* TO DO
Please output, exactly and without pictures, the lines from the opening of the listing below through the line containing "Donkergroene lange mouwen", both included.

↓

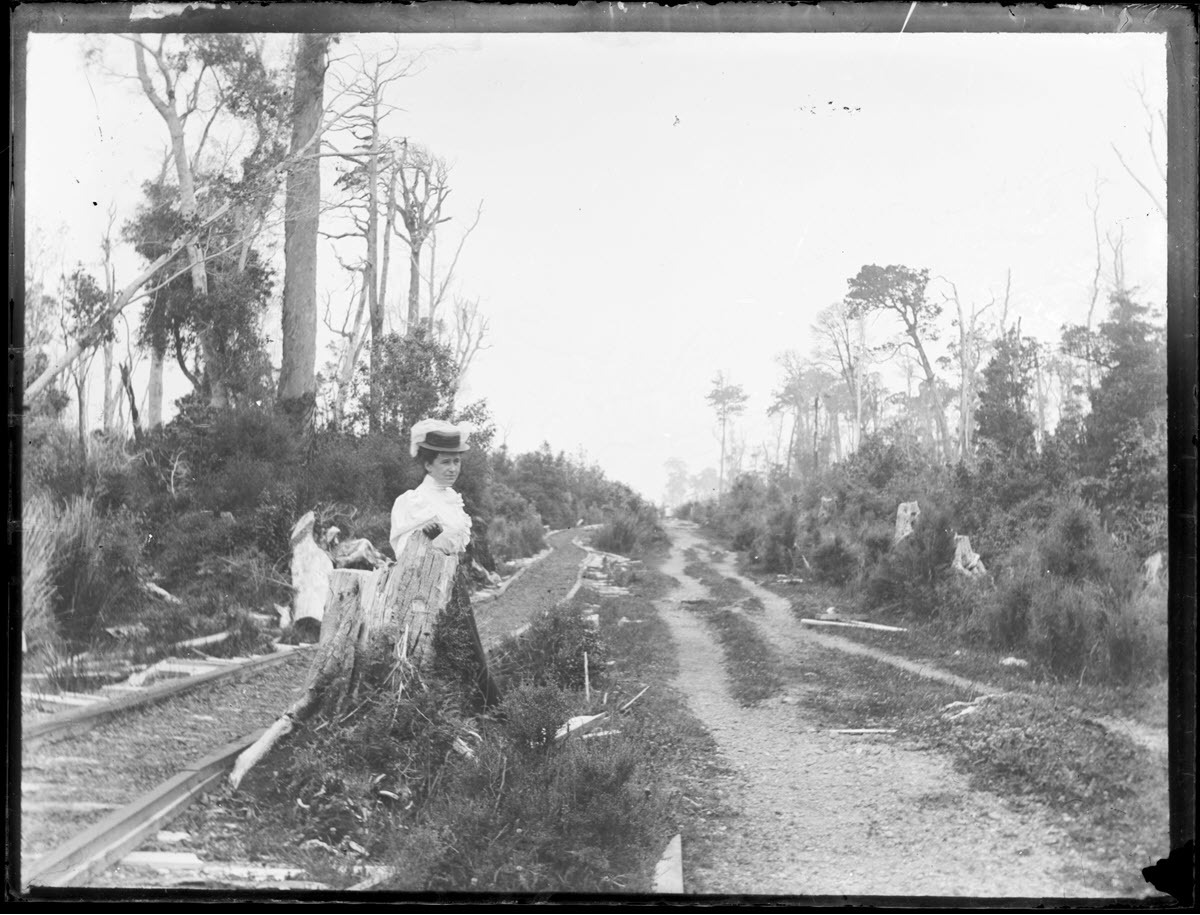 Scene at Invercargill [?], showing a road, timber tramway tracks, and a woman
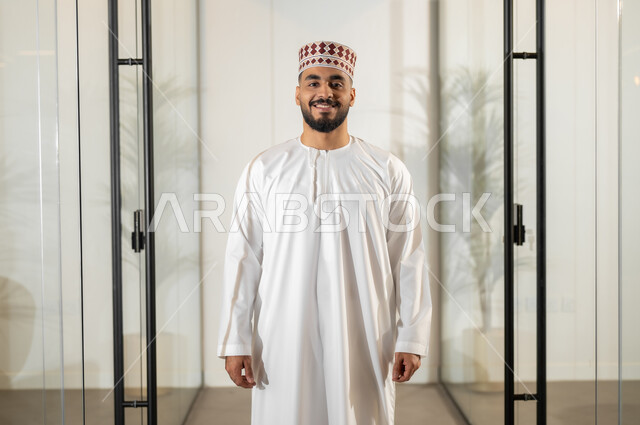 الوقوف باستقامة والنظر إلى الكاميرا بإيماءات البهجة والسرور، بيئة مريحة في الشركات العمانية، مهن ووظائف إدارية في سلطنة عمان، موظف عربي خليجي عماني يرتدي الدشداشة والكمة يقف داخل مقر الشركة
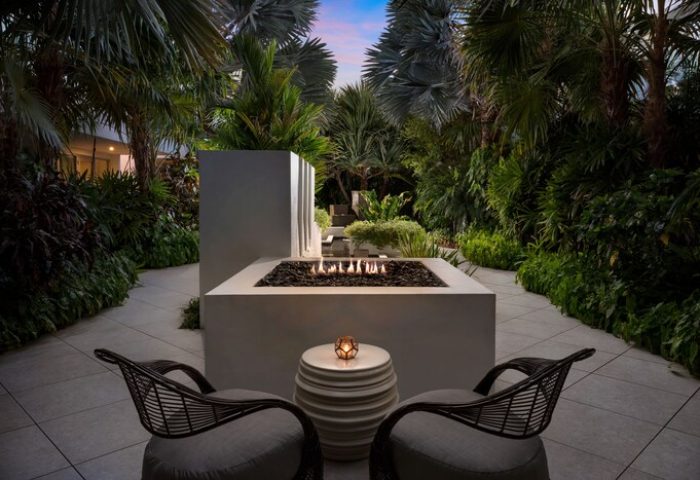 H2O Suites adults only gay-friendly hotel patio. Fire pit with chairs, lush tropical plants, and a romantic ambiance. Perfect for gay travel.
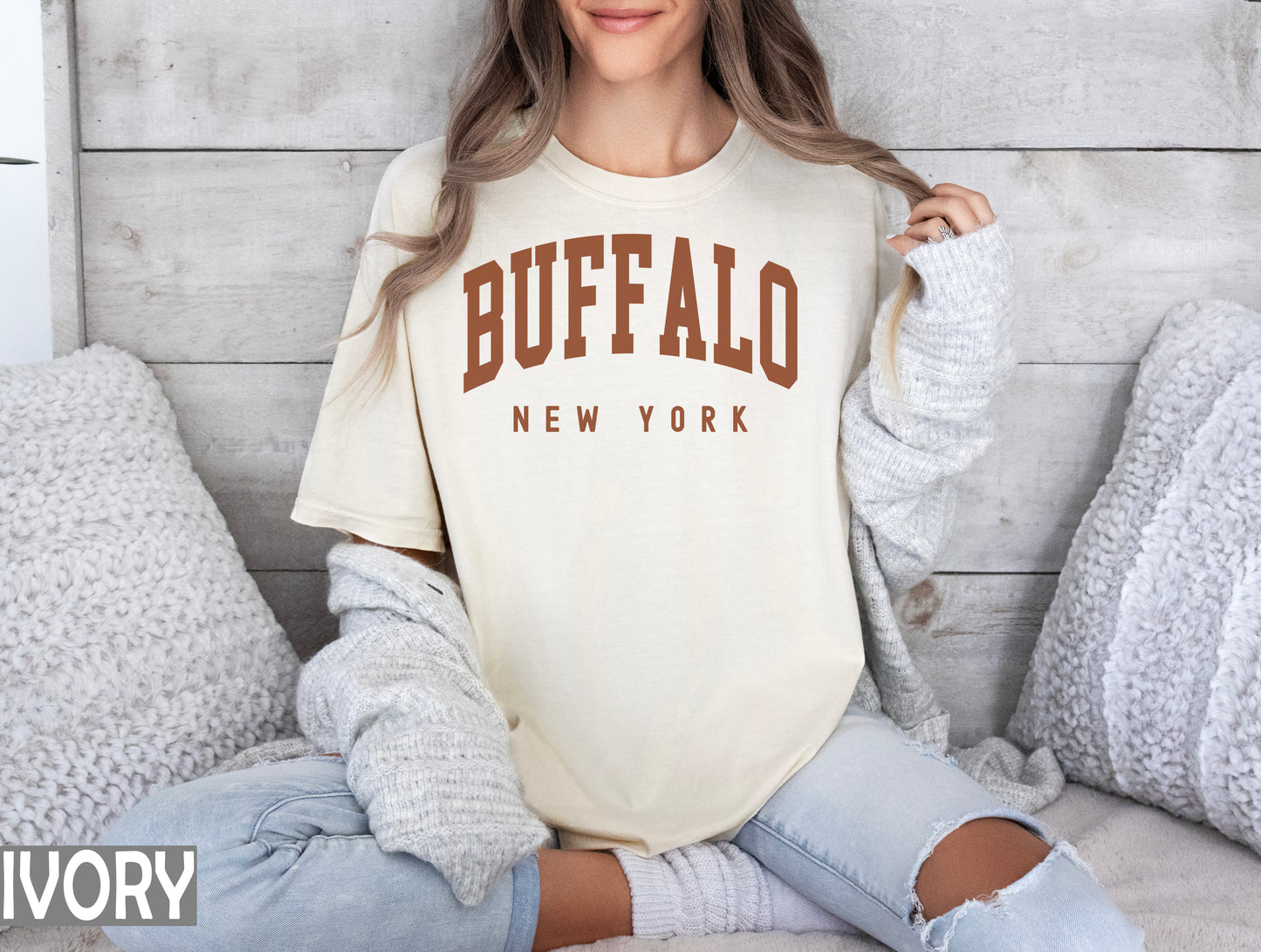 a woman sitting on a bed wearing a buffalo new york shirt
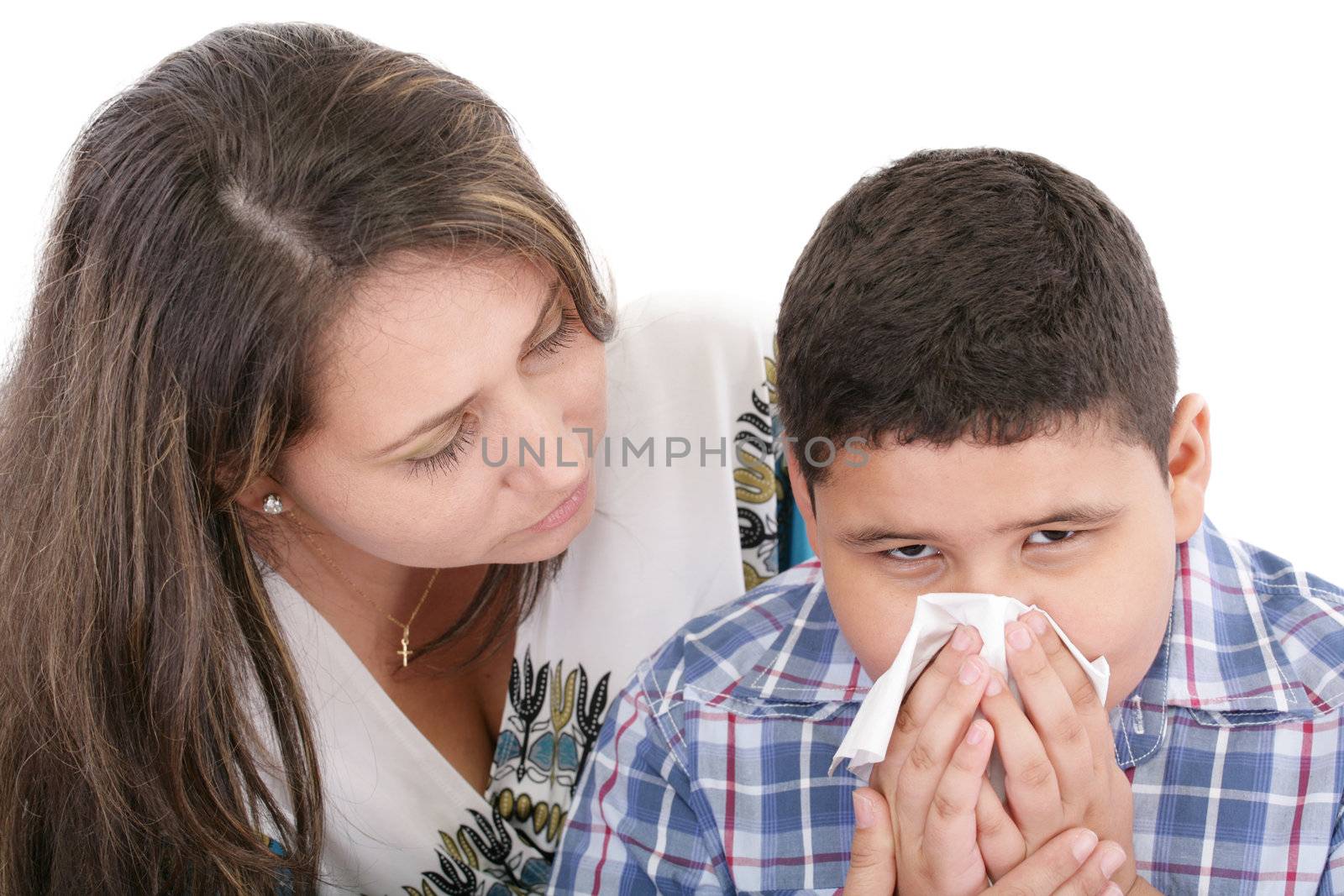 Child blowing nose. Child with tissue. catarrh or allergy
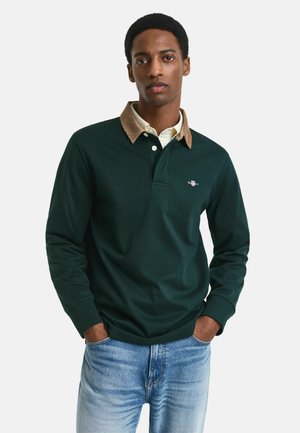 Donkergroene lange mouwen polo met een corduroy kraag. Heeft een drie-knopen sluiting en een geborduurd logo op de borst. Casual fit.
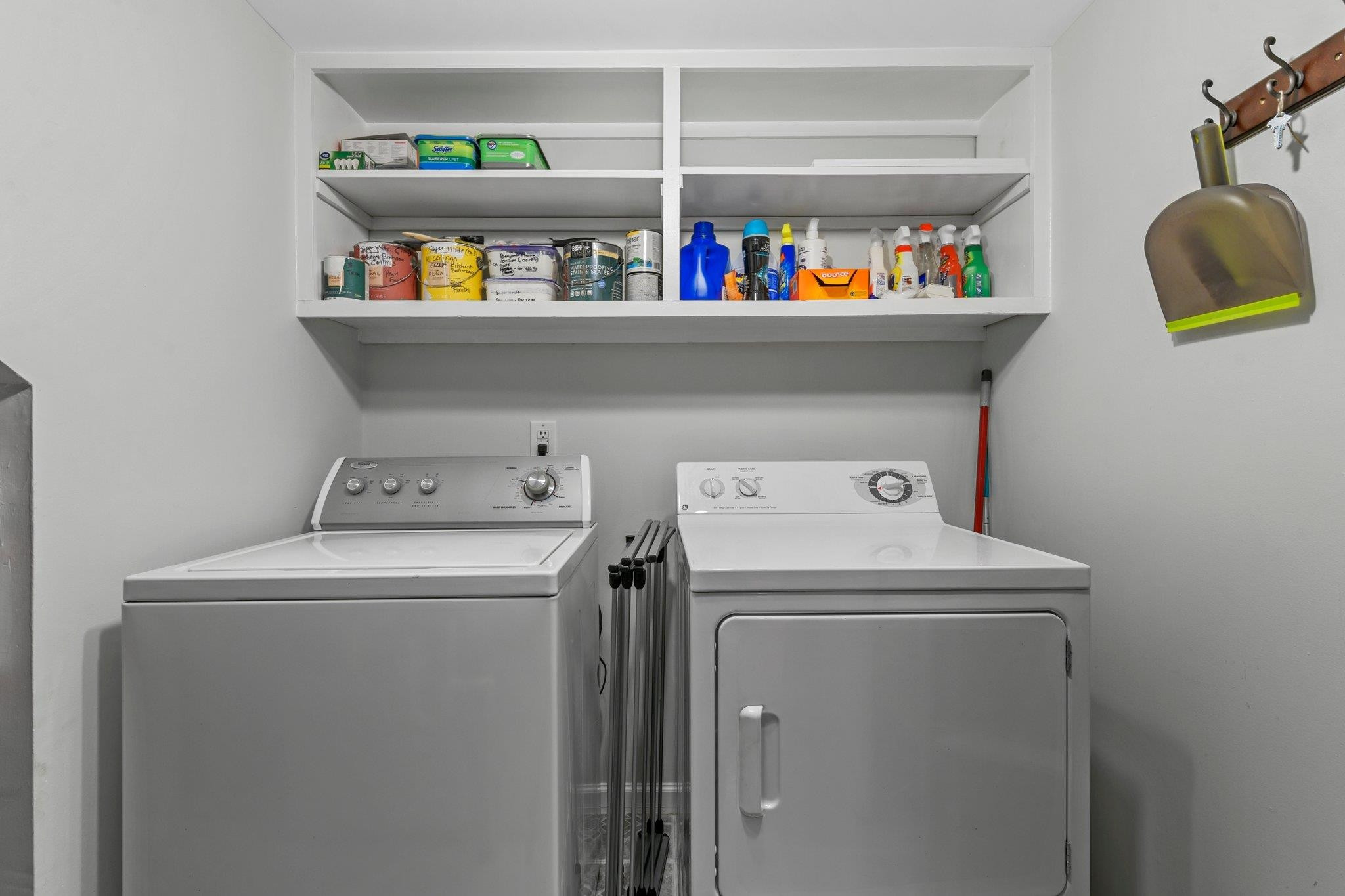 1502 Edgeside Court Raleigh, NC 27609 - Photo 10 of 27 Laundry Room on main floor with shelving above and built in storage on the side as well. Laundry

↑

* OUTPUT FOR THIS EXERCISE
 Scene at Invercargill [?], showing a road, timber tramway tracks, and a woman
 الوقوف باستقامة والنظر إلى الكاميرا بإيماءات البهجة والسرور، بيئة مريحة في الشركات العمانية، مهن ووظائف إدارية في سلطنة عمان، موظف عربي خليجي عماني يرتدي الدشداشة والكمة يقف داخل مقر الشركة
 H2O Suites adults only gay-friendly hotel patio. Fire pit with chairs, lush tropical plants, and a romantic ambiance. Perfect for gay travel.
 a woman sitting on a bed wearing a buffalo new york shirt
 Child blowing nose. Child with tissue. catarrh or allergy
 Donkergroene lange mouwen polo met een corduroy kraag. Heeft een drie-knopen sluiting en een geborduurd logo op de borst. Casual fit.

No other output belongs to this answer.